Material to process
- Opening Delimiter -
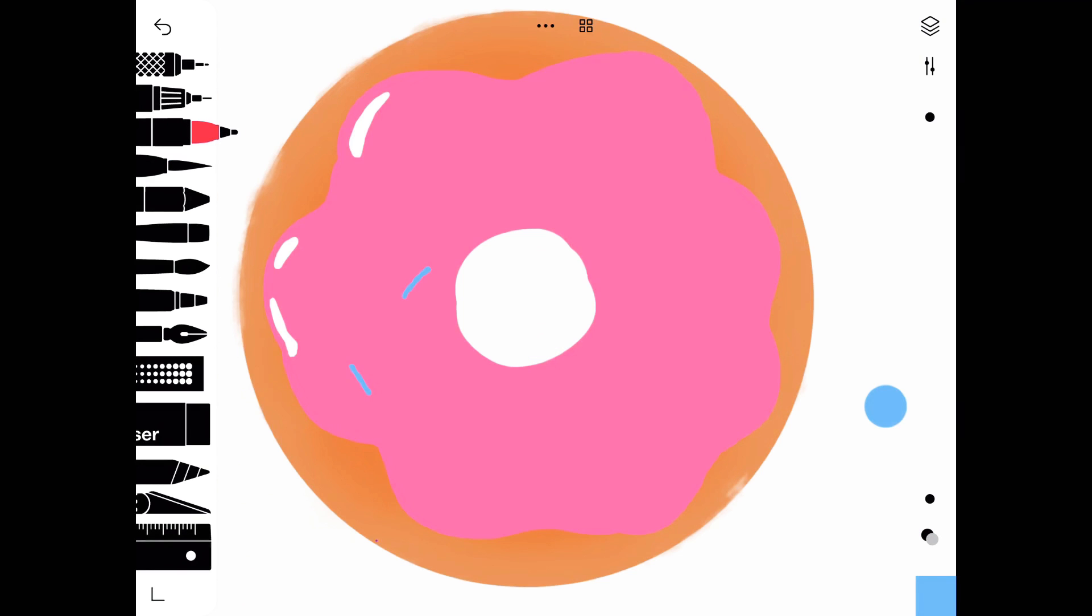When you're all done, it should look something like this. But don't forget the sprinkles. I decided to do blue sprinkles because the blue contrasts with the pink frosting.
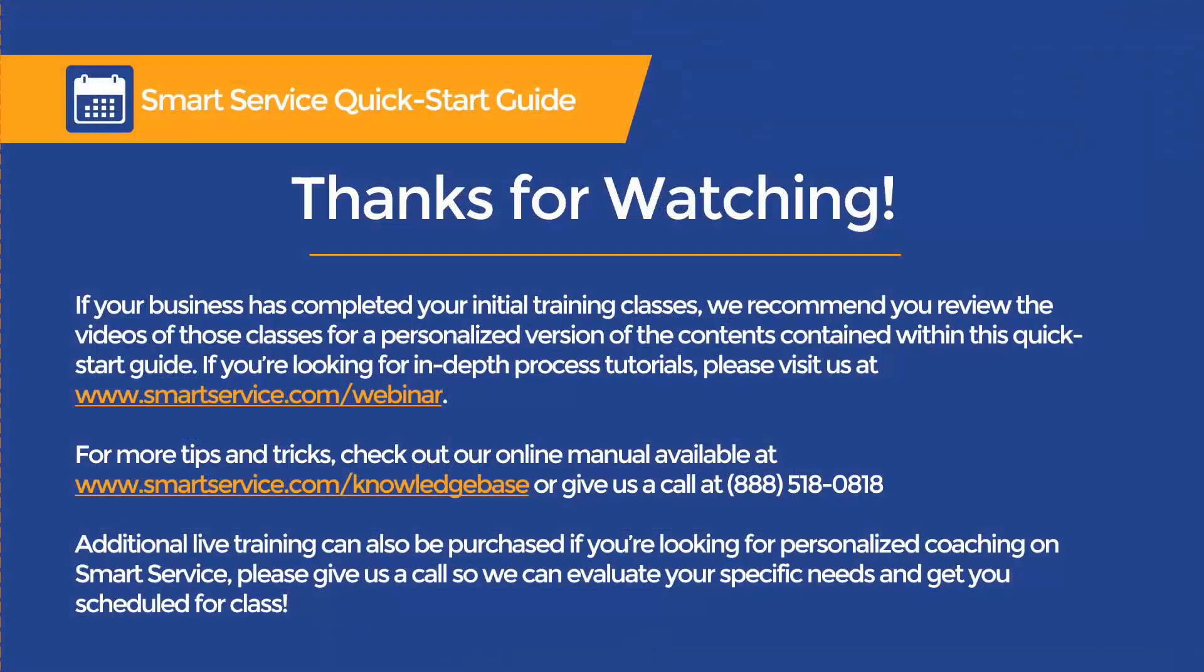The next segment in this series will cover how the field users can use iFleet to record information and send it back to the office for review. If your business has completed your initial training classes, we recommend you review the videos of those training classes for a personalized version of the contents contained within this quick start guide. Our next installment in the series will be covering iFleet. If you're looking for in-depth process tutorials, visit us at smartservice.com/webinar.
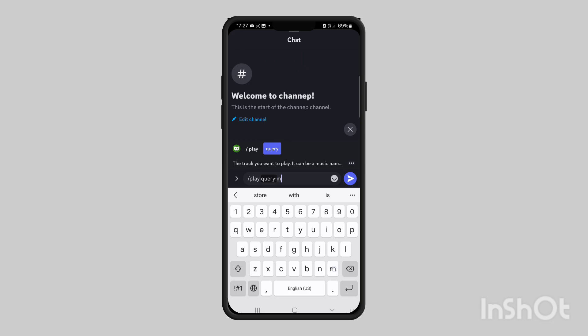Then you simply type the song which you want to listen to, so for example Maroon 5 Maps, and then you press enter and the song will begin to play.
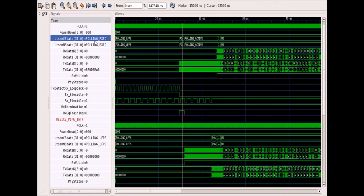These are a few host and device standard pipe interface signals. Here we can see the link state transitions from polling to U0. Similarly, the device state transition can also be seen.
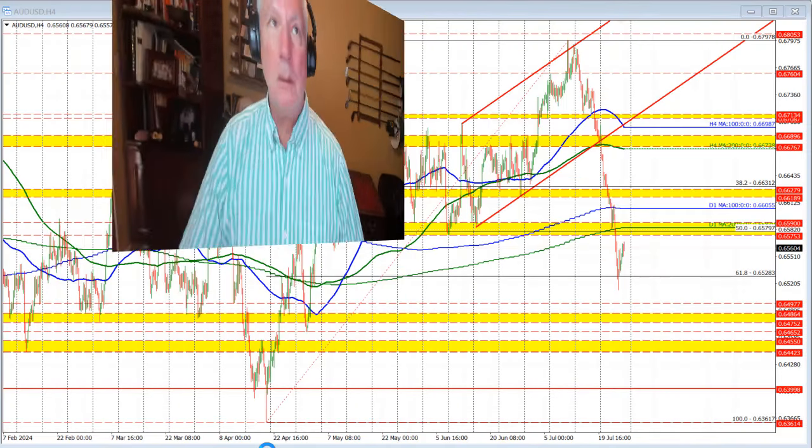Ladies and gentlemen, Greg Rakoloski from forexlive.com. This is a forex quick look and I'll take a look at two of the commodity currency pairs — the Aussie versus US dollar and the New Zealand versus US dollar from a technical perspective. Today's date is July 26, 2024. We're heading into the weekend — TGIF. Let's get started.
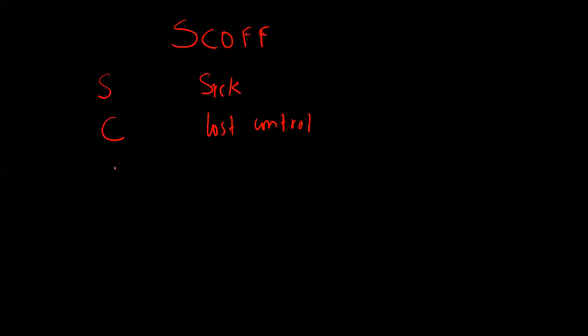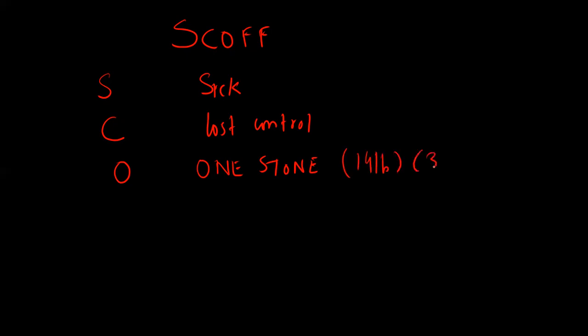O is for one stone. Have you recently lost more than one stone, which is 14 pounds, in a three month period?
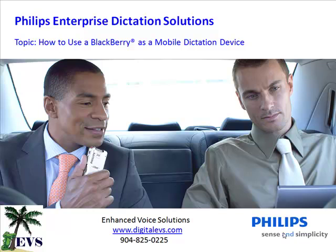Hello, I'm Dan Rigsby, President of Enhanced Voice Solutions. Welcome to our video series, How Philips SpeechExec Enterprise can improve your dictation workflow. Our topic for this video is how to use a BlackBerry as a mobile dictation device.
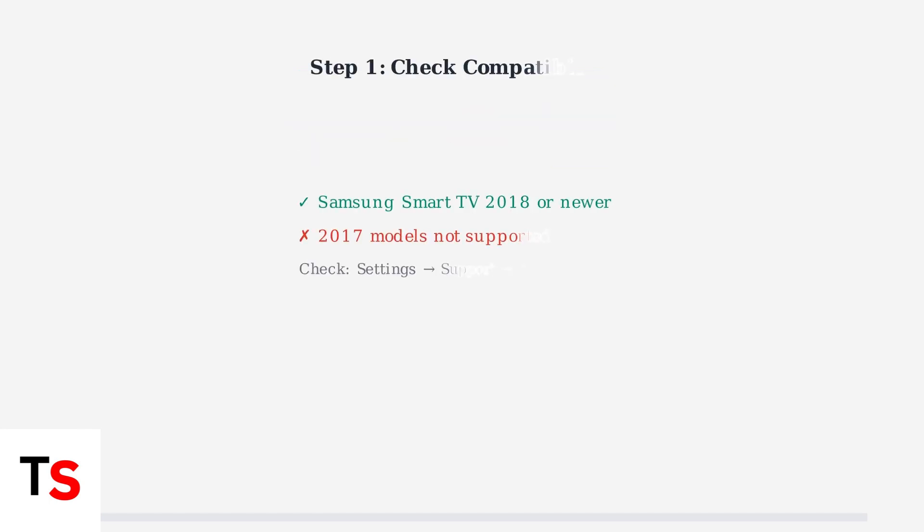First, verify your Samsung TV is compatible. The Xfinity Stream app requires Samsung smart TVs from 2018 or newer. Older models lack the memory and processing power needed.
- Closing Delimiter -
Copy only what runs above from the line containing "The next segment" through the line containing "Hello, I'm Dan", exactly. Leave out the pictures.

The next segment in this series will cover how the field users can use iFleet to record information and send it back to the office for review. If your business has completed your initial training classes, we recommend you review the videos of those training classes for a personalized version of the contents contained within this quick start guide. Our next installment in the series will be covering iFleet. If you're looking for in-depth process tutorials, visit us at smartservice.com/webinar.
Then you simply type the song which you want to listen to, so for example Maroon 5 Maps, and then you press enter and the song will begin to play.
These are a few host and device standard pipe interface signals. Here we can see the link state transitions from polling to U0. Similarly, the device state transition can also be seen.
Ladies and gentlemen, Greg Rakoloski from forexlive.com. This is a forex quick look and I'll take a look at two of the commodity currency pairs — the Aussie versus US dollar and the New Zealand versus US dollar from a technical perspective. Today's date is July 26, 2024. We're heading into the weekend — TGIF. Let's get started.
O is for one stone. Have you recently lost more than one stone, which is 14 pounds, in a three month period?
Hello, I'm Dan Rigsby, President of Enhanced Voice Solutions. Welcome to our video series, How Philips SpeechExec Enterprise can improve your dictation workflow. Our topic for this video is how to use a BlackBerry as a mobile dictation device.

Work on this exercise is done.